Michael K Johnson March 19, 2017 18:38

Posting this reminded me that I have a bus pirate. It showed garbage at 115200, but at 9600 I’m seeing non-garbage. It’s not responding to AT commands from minicom to bus pirate, but this might be good enough to flash a standalone firmware…

Michael K Johnson March 19, 2017 18:40

When I actually want to do RF work, I can take the test… ☺

Michael K Johnson March 19, 2017 18:41

[Vendor:www.ai-thinker.com Version:0.9.2.4]

ready

John Pitney March 19, 2017 21:55

Looking good!

I’ve been soldering on a bare ESP-12E module here today. Still have some connections to make up before it’s ready to flash. With ready-made NodeMCU boards, I’ve had good luck with esptool from a Linux host.

Michael K Johnson March 20, 2017 06:54

It took way too many tries to figure out a few more details for this first foray into ESP8266…

I had found instructions that said to just take the bus pirate defaults for the port setup. I just didn’t notice that one of the defaults was open drain instead of normal, which was why it didn’t respond to AT commands; it wasn’t really sending any.

Then, although the serial console (GPIO0 pulled high) ran at 9600 bps, flashing (GPIO0 pulled low) was still at 115200 bps.

I chose espruino more or less at random (I had downloaded it already and it was getting late), successfully flashed it, pulled GPIO0 high, and rebooted to a 115200 bps console. After I attached an external antenna, wifi.connect(); eventually worked. I ran wifi.save(); and rebooted.

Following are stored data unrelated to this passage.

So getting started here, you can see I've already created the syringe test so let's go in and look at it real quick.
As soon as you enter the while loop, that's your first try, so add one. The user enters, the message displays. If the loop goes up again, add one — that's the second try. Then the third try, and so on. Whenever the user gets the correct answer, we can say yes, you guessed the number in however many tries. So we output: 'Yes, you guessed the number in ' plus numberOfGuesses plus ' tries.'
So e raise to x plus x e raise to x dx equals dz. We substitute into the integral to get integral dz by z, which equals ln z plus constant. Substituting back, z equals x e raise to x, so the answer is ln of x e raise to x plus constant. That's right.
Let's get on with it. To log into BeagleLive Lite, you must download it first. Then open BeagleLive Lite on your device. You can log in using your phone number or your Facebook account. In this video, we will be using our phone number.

…and it quit responding to console entirely and never reconnected to the network. Ugh. I guess I should re-flash next?

Michael K Johnson March 20, 2017 18:19

Re-flashing brought back a working prompt. I was able to connect to Wifi again. wifi.save(); was effective across reset(); — but a hard power cycle sitll killed it; I get garbage on the console after a power cycle.

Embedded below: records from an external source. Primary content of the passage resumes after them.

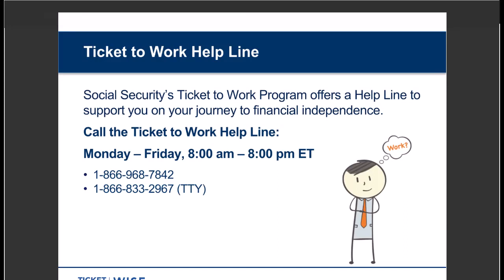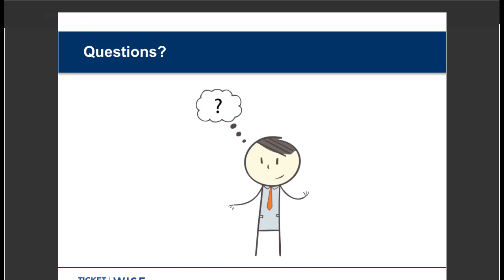If you're interested in the Ticket program but not sure where to start, we have a helpline available. Social Security's Ticket to Work helpline can help you determine where and how to start this journey. The helpline is open Monday through Friday from 8 a.m. to 8 p.m. Eastern Time. You can reach them at 1-866-968-7842, or if you're a TTY user, 1-866-833-2967. I encourage you to reach out and they can answer your questions.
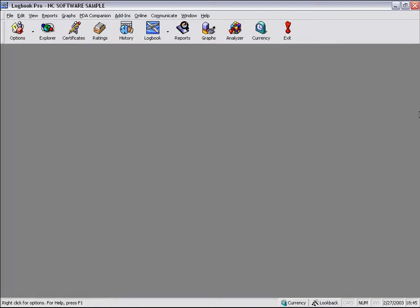Welcome back to the Logbook Pro video series. In this video, we're going to take a look at the user interface and see how you can customize it to meet your needs, as well as get a good feel of how to navigate Logbook Pro via the menus.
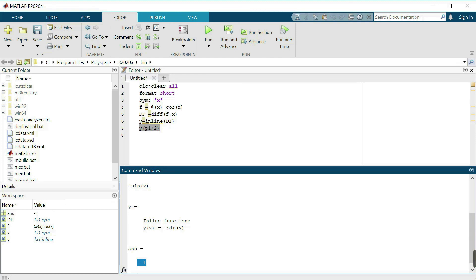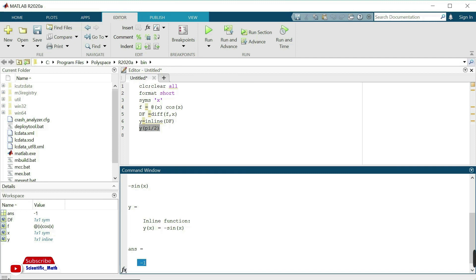So this is the MATLAB code to find the derivative of a function using built-in functions. Thank you so much for watching my video. Please subscribe to my channel scientific_math for more videos.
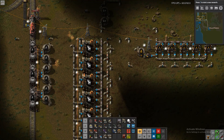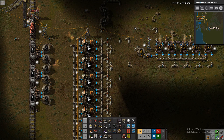Hello everyone, welcome to my tutorial about oil cracking. In this video we are going to briefly discuss why we want to do oil cracking, go over some of the theory behind how oil cracking works and how to use circuits to make oil cracking a really clean and easy to use process.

So that led me on a journey to discovering that esptool has –flash-size=detect which tells me that instead of 4MB of flash on an ESP-12 I have 512KB. That could explain a thing or two!

So wifi.save(); still doesn’t seem to persist across a power cycle but at least the unit comes back to a terminal session after a power cycle. Progress!

Michael K Johnson March 20, 2017 19:46

Flashing the latest 512K micropython image gives me:

ets_task(40100164, 3, 3fff827c, 4)

NLR jump failed

The earlier esp8266-512k-20161110-v1.8.6.bin gives me a python prompt and can configure the network, but doesn’t have a filesystem so I can’t save a boot.py to configure the network.

Michael K Johnson March 20, 2017 19:52

“If your devices has 1Mbyte or more of storage then it will be set up (upon first boot) to contain a filesystem.” ← Oh, yeah. That. That makes it less useful.

Michael K Johnson March 20, 2017 21:07

ESP32 arrived today

Downloaded Espruino build from http://forum.espruino.com/conversations/293320/?offset=50

Plug in the board, flash with esptool.py –chip esp32 –port /dev/ttyUSB0 –baud 921600 write_flash -z –flash_mode dio –flash_freq 40m 0x1000 bootloader.bin 0x10000 espruino_esp32.bin 0x8000 partitions_singleapp.bin

WiFi configures, works, saves. It’s listening on port 23. Definitely better.